Por Rogério Tadeu Romano*
Observo o que foi divulgado pelo portal da GAZETA DO POVO, em 10.2.26:
“Uma ação popular protocolada na 8ª Vara Federal Cível do Distrito Federal (DF) tenta impedir o desfile da escola de samba Acadêmicos de Niterói no Carnaval de 2026 no Rio de Janeiro. A agremiação homenageará o presidente Lula, a poucos meses da disputa à reeleição, e o tema é acusado de fazer propaganda eleitoral antecipada.
Movida pelo senador Bruno Bonetti (PL-RJ) e o deputado estadual do Rio Anderson de Moraes (PL-RJ), a ação alega “desvio de finalidade” em repasse de verbas federais para a agremiação, que levará à avenida um enredo que lembra o número de Lula na urna, entre outros símbolos de sua campanha eleitoral.

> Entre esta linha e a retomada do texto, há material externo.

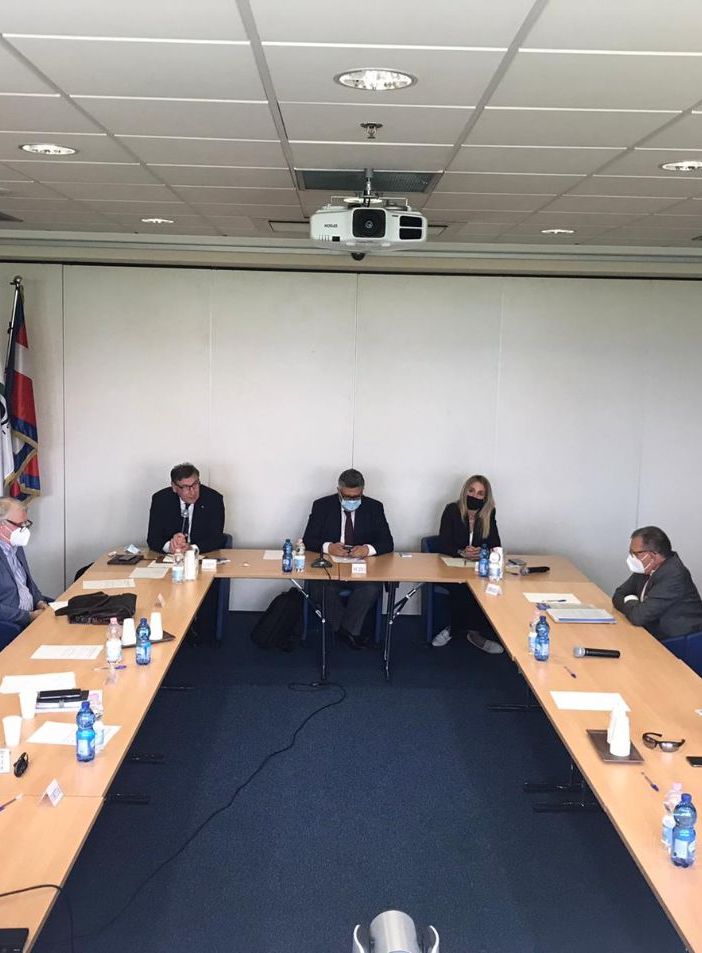 Accordo tra cooperative e sindacati per &quot;rigenerare&quot; le piccole e medie imprese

Os autores da ação argumentam que a utilização de recursos públicos para promover a figura de um pré-candidato à reeleição em ano eleitoral configura ato de “improbidade administrativa” e viola os “princípios da moralidade e impessoalidade”. Segundo o senador, se não for deferido o pedido de impedir a escola de desfilar, a ação pede que pelo menos o desfile não seja transmitido pela TV.”

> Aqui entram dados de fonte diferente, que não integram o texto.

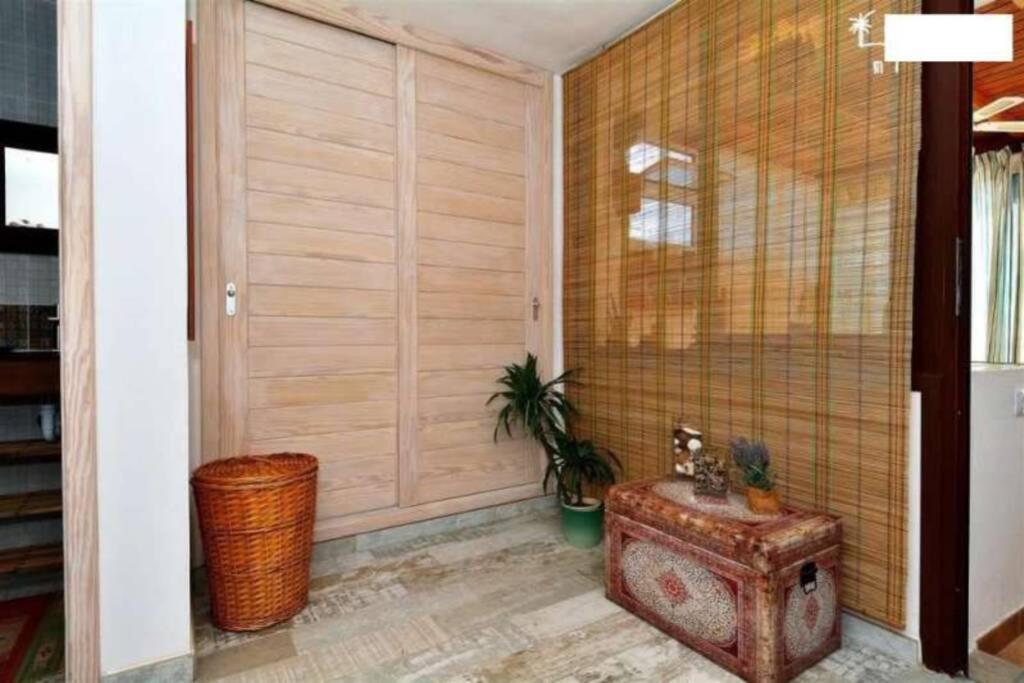 Estudio Sherazad Tías Exteriör bild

A matéria é tratada em ação popular.
Considera-se que o berço da ação popular moderna é a França, face a lei comunal de 18 de julho de 1837, reformada em 1884, e objeto de seus artigos 123 a 126.

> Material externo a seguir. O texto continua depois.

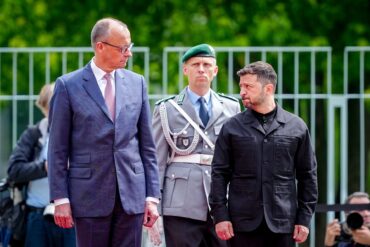 Merz hat der Ukraine Unterstützung beim Bau eigener Raketen zugesagt.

Tal ação coletiva tem importância em outros modelos processuais, como se vê, nos Estados Unidos, no campo ambiental, através das citizen actions, ainda chamadas de citizen suits, manejadas com base na Lei Federal do Ar Puro e na Lei Federal de Águas Puras (Clean Water act), com um duplo objetivo: incentivar a atuação dos órgãos públicos encarregados de executar a política ambiental e ainda substituir tais órgãos quando se quedem inoperantes, seja por descaso ou por carência de recursos, como lecionou o ministro Herman Benjamin (A citizen action Americana e a tutela ambiental, Revista de Processo n. 62, pág. 61 e seguintes).
Informa Othon Sidou (Habeas Corpus, Mandado de Segurança, Ação Popular, Rio de Janeiro, Forense, 2ª edição, pág. 415.), a teor do artigo 1º, § que Correia Telles, discorrendo em sua Doutrina das Ações, § 11, disse que as ações populares são as que podem ser intentadas por qualquer pessoa do povo para a conservação ou defesa das coisas públicas.
A Constituição de 1824 consagrou, por sua vez, no artigo 157, a ação popular autorizando a qualquer do povo intentar ação popular por suborno, peita, peculato e concussão dos membros da magistratura. A primeira Constituição da República omitiu referência expressa à ação popular.
A Constituição de 1934 prescreve que qualquer cidadão será parte legítima para pleitear a declaração de nulidade ou anulação de atos lesivos ao patrimônio da União, Estados e Municípios.
No direito brasileiro, por força do que estatuiu a Constituição de 1946, veio a Lei nº 4.717/65, que concede legitimidade a qualquer cidadão para, em nome próprio, defender os direitos da coletividade, pleiteando a anulação de atos lesivos ao patrimônio. É caso típico de legitimidade extraordinária, cuja sede é a lei. A legitimidade passiva compete às pessoas públicas ou privadas e ás entidades referidas no artigo 1º daquela Lei, bem como às autoridades, funcionários ou administradores que houverem autorizado, aprovado, ratificado ou praticado o ato impugnado, ou que, por omissão, tiverem dado oportunidade à lesão e contra os beneficiários diretos dos mesmos. Ao Ministério Público é vedado assumir a defesa do ato contestado em juízo pela ação popular.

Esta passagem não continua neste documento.